Task requirements: Exactly the lines from the one containing "4 Lladro figurines: girl" through the one containing "ein Schlafzimmer mit" in the listing below are to be copied, with the pictures left out.

-- Working data follows --

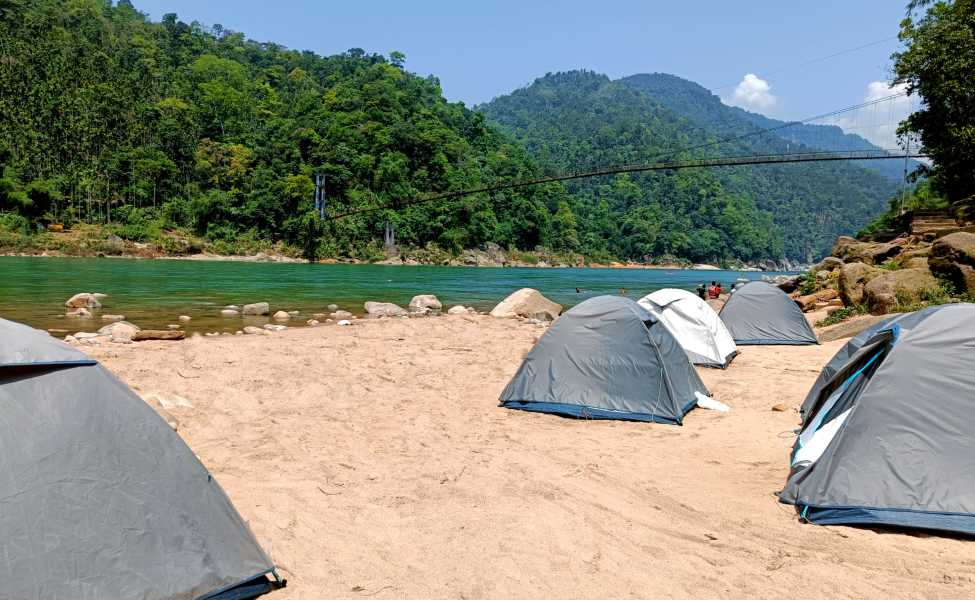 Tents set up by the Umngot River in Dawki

-- Working data concluded --
-- Working data follows --

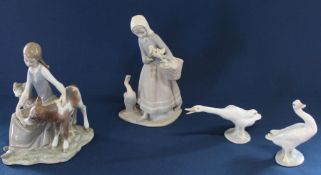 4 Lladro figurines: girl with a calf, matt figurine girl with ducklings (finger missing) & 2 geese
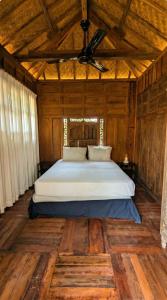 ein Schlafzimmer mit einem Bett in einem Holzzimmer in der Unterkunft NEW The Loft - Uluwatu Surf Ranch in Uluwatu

-- Working data concluded --

Solution:
 4 Lladro figurines: girl with a calf, matt figurine girl with ducklings (finger missing) & 2 geese
 ein Schlafzimmer mit einem Bett in einem Holzzimmer in der Unterkunft NEW The Loft - Uluwatu Surf Ranch in Uluwatu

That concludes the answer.